I've read that DESwq2 is to be used on unnormalized data so it can properly estimate size factors. So was the advice I was told earlier where it should not be used on raw data incorrect?
In any case, DESeq2 will normalize the data afterwards (so this leads me to think that for my first question, data needs to be raw counts, but when running contrasts (which is what I will be doing), I see the code does not use the normalized counts dataframe, but instead calls
dds
which isn't normalized yet. The code is below. Keeping in mind I will be using this for species data which tends to be very 0-inflated.

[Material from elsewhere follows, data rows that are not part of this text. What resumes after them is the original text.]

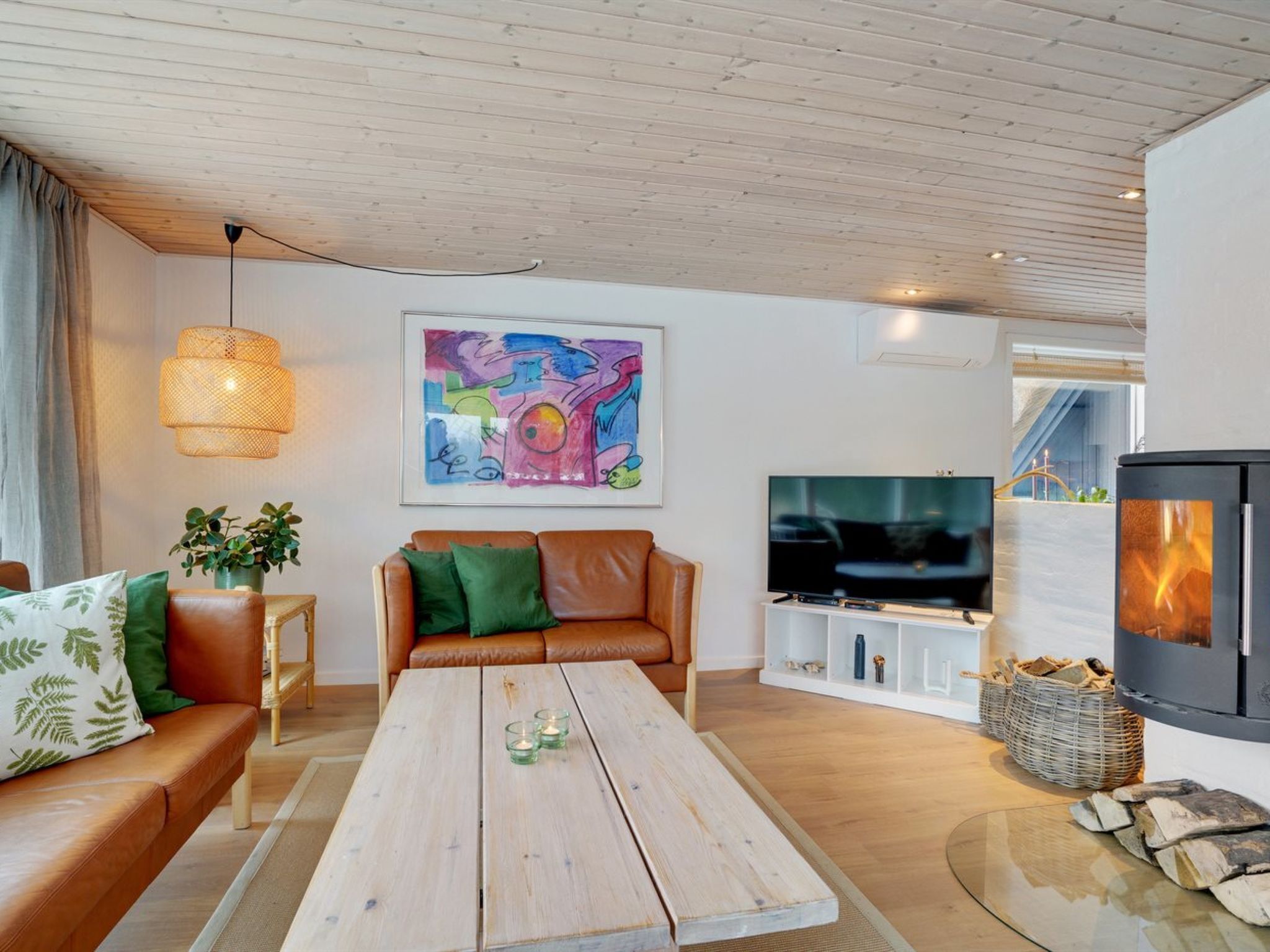 A modern living room with a wooden ceiling, a brown leather sofa, a wooden coffee table, a TV, and a fireplace.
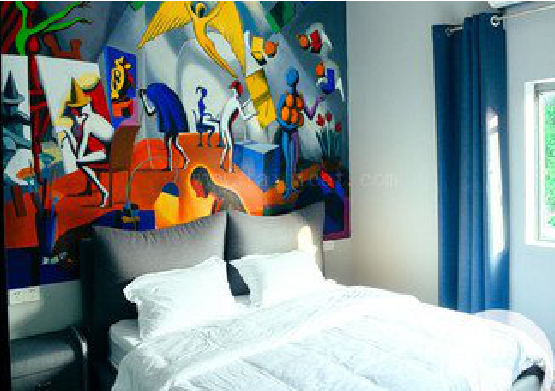 修武对于酒店的墙体彩绘而言更注重哪些方面？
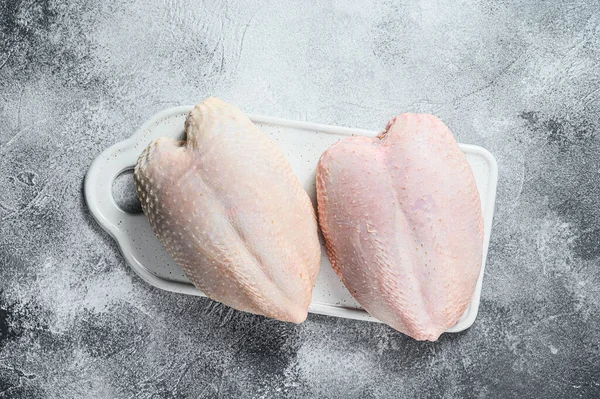 Raw chicken Breasts, fresh fillets with skin. Organic farm bird. Gray background — Stock Photo, Image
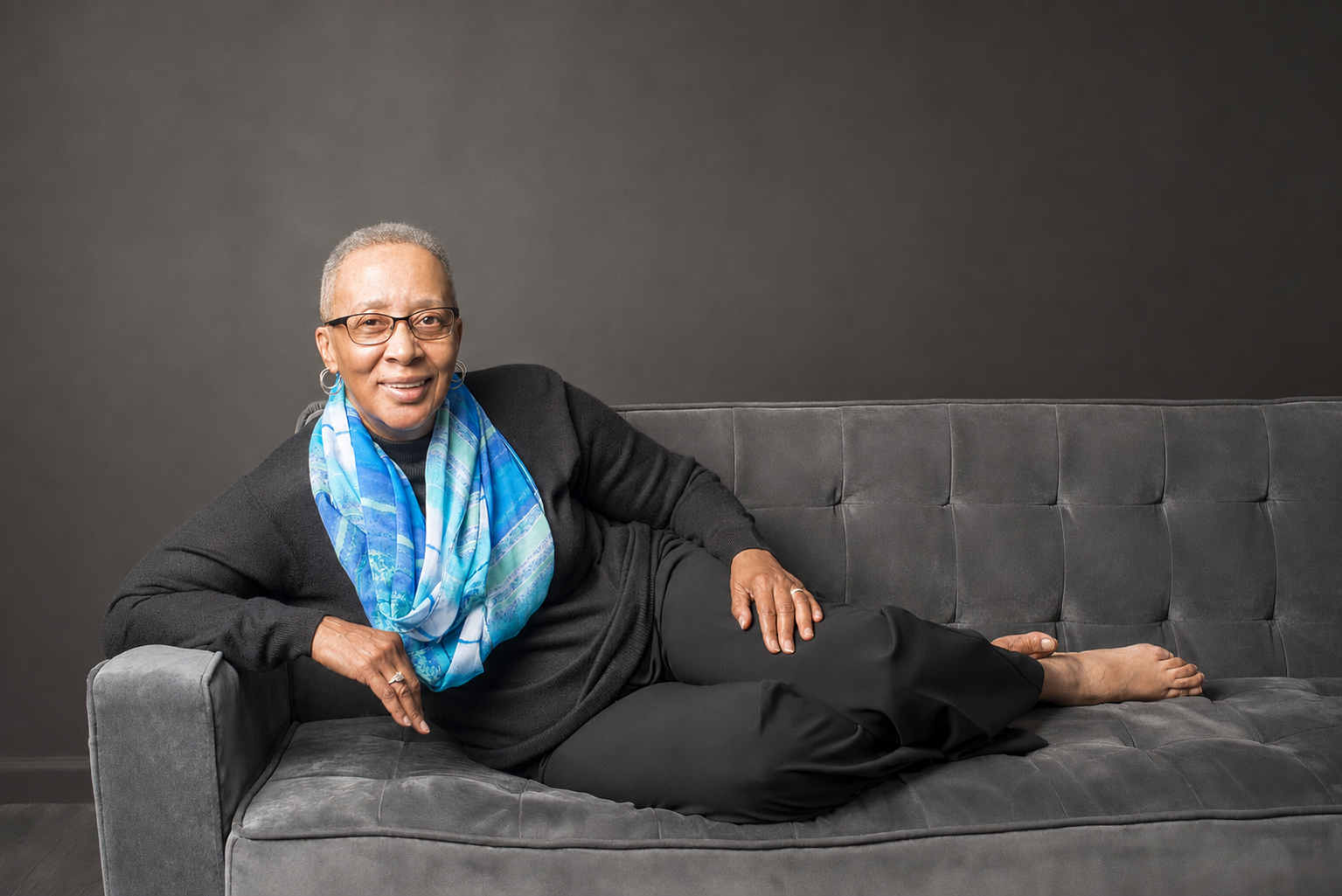 Portrait of Crystall Gates relaxing on a charcoal sofa in a vivid blue scarf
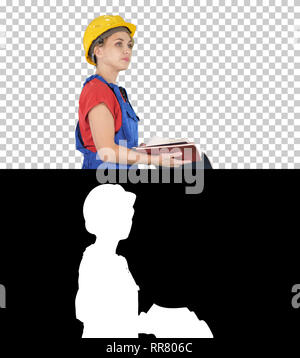 On Alpha Matte. Medium shot. Side view. Woman construction worker in hard hat and workwear uniform checking the list, Alpha Channel Professional shot  Stock Photo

dds <- DESeqDataSetFromMatrix(countData = some.counts.data,
colData = some.env.coldata,
design = ~ condition)
dds <- estimateSizeFactors(dds, type="poscounts") # for 0-inflated data use poscounts
dds <- estimateDispersions(dds)
dds <- nbinomWaldTest(dds)
dds
normalized_counts <- counts(dds, normalized=TRUE) # can extract this as a dataframe later on
#Run below when comparing between groups of interest
contrast1 <- as.data.frame(results(dds, contrast=c("condition", "CONDITION1", "CONTROL")))
When running the contrasts and calling dds
, the counts are not normalized at this point right? So would this be incorrect? Shouldn't contrasts be done after everything is normalized so it's properly compared?
Ok, so the comment I was given where they said DeSeq2 should be with normalized counts is incorrect.
the
normalized_counts
variable is then just for other visualizations as you mentioned, just for plotting.